Но именно этим сужением нашего бытия, частичным его уничтожением, установлением его перед лицом смерти, следовательно, перед лицом физического небытия, страдание сотрясает наше бытие и пробуждает его от дремоты. Достигнув своей границы, наше бытие пугается, увидев под своими ногами раскрывшееся небытие. Оно вскакивает, словно ото сна, и видит, что прежние формы разрушены, что его полнота, которой оно обладало в мире, погибла; что ему осталось очень немногое, ибо почти все утрачено. Тогда оно сосредоточивается и начинает говорить. Оно решается бороться за свое существование, вести основательную и серьезную борьбу, ибо это борьба с небытием. Поэтому, хотя страдание по существу негативно, хотя оно и не имеет позитивного содержания, но именно этой своей негативностью оно пробуждает нас из дремоты бытия. Подведя нас к черте нашего бытия, оно вынуждает нас отскочить назад. В страдании наше существование становится почти осязаемым, ибо мы начинаем его искать во тьме небытия. Поэтому переживание, что мы еще есть
, становится очень интенсивным. Мы концентрируемся на себе, сосредоточиваем все свои еще оставшиеся силы только на одном своем Я и жаждем быть. Более того, в страдании мы решаемся быть; мы решаемся защищаться от этого дышащего холодом небытия. В этом смысле страдание и обладает пробуждающей силой. В этом смысле оно и выбрасывает нас, словно будильник, из теплой постели повседневности, дабы мы вступили в жесткую борьбу за самих себя. Вот почему не один, настигнутый страданием человек, который прежде был вял и избалован, становится героем или святым. Вот почему и Иов, прежде тихий и богобоязненный, когда его коснулось страдание, выпрямляется и говорит свое слово, часто жесткое и горькое, но каждый раз поднимающееся из самих глубин его потрясенного бытия.И здесь мы сталкиваемся с заботой
, которая составляет самое широкое и самое постоянное настроение человеческого бытия.

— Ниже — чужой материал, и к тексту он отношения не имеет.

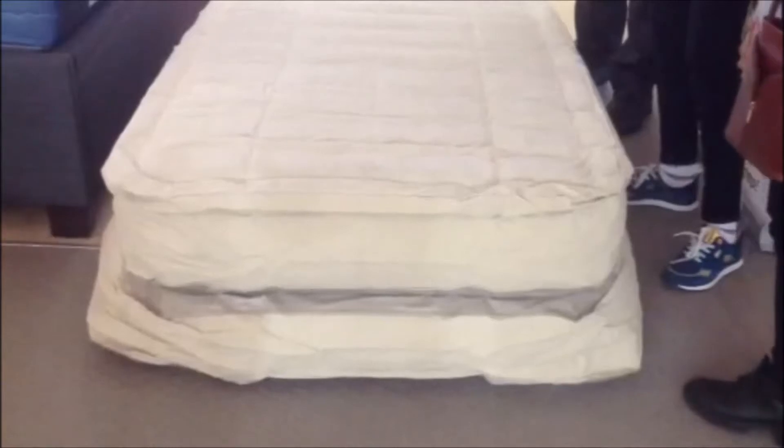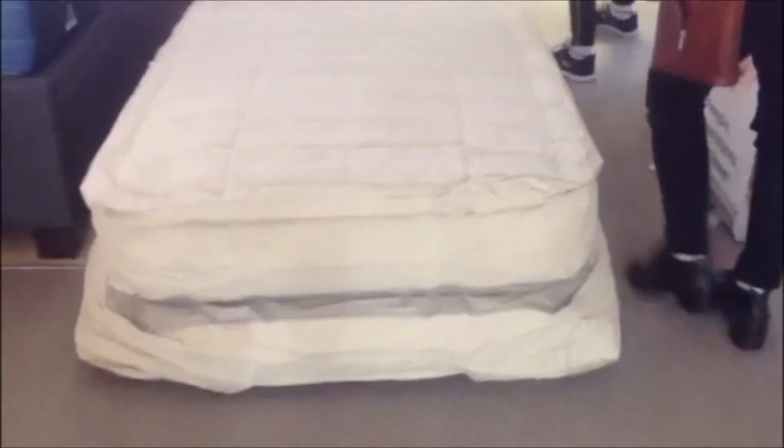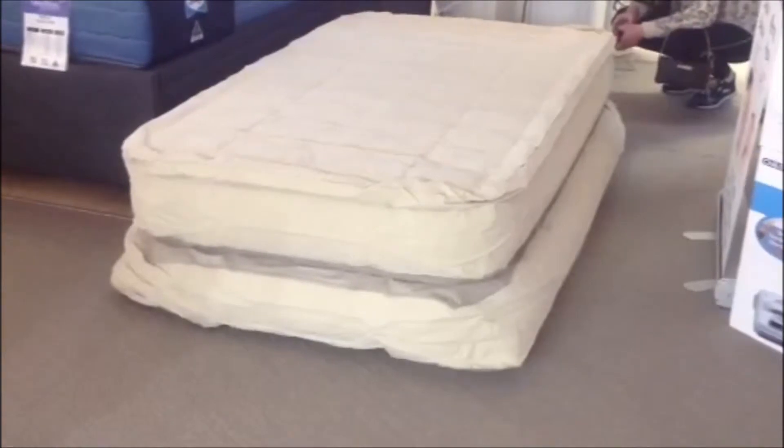You can turn that on, and on the back of it down here. So that's on the inflate. When you want to deflate, you just turn it to deflate, turn it on and it sucks all the air out of it.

Желая понять, что такое забота в своей глубинной сущности, необходимо вспомнить событие, происшедшее с Марфой и Марией, о котором повествует Евангелие от Луки. «В продолжение пути их, пришел Он в одно селение; здесь женщина, именем Марфа, приняла Его в дом свой; У ней была сестра, именем Мария, которая села у ног Иисуса и слушала слово Его. Марфа же заботилась о большом угощении, и подошедши сказала: Господи! или Тебе нужды нет, что сестра моя одну меня оставила служить? скажи ей, чтобы помогла мне». Господь сказал ей в ответ: «Марфа! Марфа! ты заботишься и суетишься о многом. А одно только нужно. Мария избрала благую часть, которая не отнимется от нее» (Лука 10, 38–42). В этом повествовании мы чувствуем две заботы, которые сущностно различаются:Марфы, которая заботится о том, как лучше принять посетившего их Спасителя, и Марии, которая заботится о том, как лучше понять себя, применив к себе слова Спасителя. Отношение Марфы и отношение Марии к Христу неодинаково, поэтому и заботы у них неодинаковы. Для Марфы Христос Гость, своим посещением оказавший честь ее дому. Поэтому ее забота — услужить Гостю, ибо он скоро уйдет. Для Марии Христос — Учитель, словом своим указывающий путь ее бытию и раскрывающий смысл этого бытия. Физически он и для нее тоже скоро уйдет. Но словом своим он останется в Марии вечно. Поэтому забота Марфы сосредоточивается на внешних вещах: она заботится о многом и остается на исчезающей поверхности своей экзистенции. Между тем забота Марии сосредоточивается на ядре ее собственной экзистенции: слушая Божественного Учителя, она хочет познать самое себя; она заботится только об одном, а именно — о себе, о своей сущности и о смысле. Поэтому эта забота не отнимется у нее, ибо однажды увиденный смысл бытия будет сопровождать ее всю жизнь и станет основой ее существования. Забота Марфы повседневная, Марии — экзистенциальная.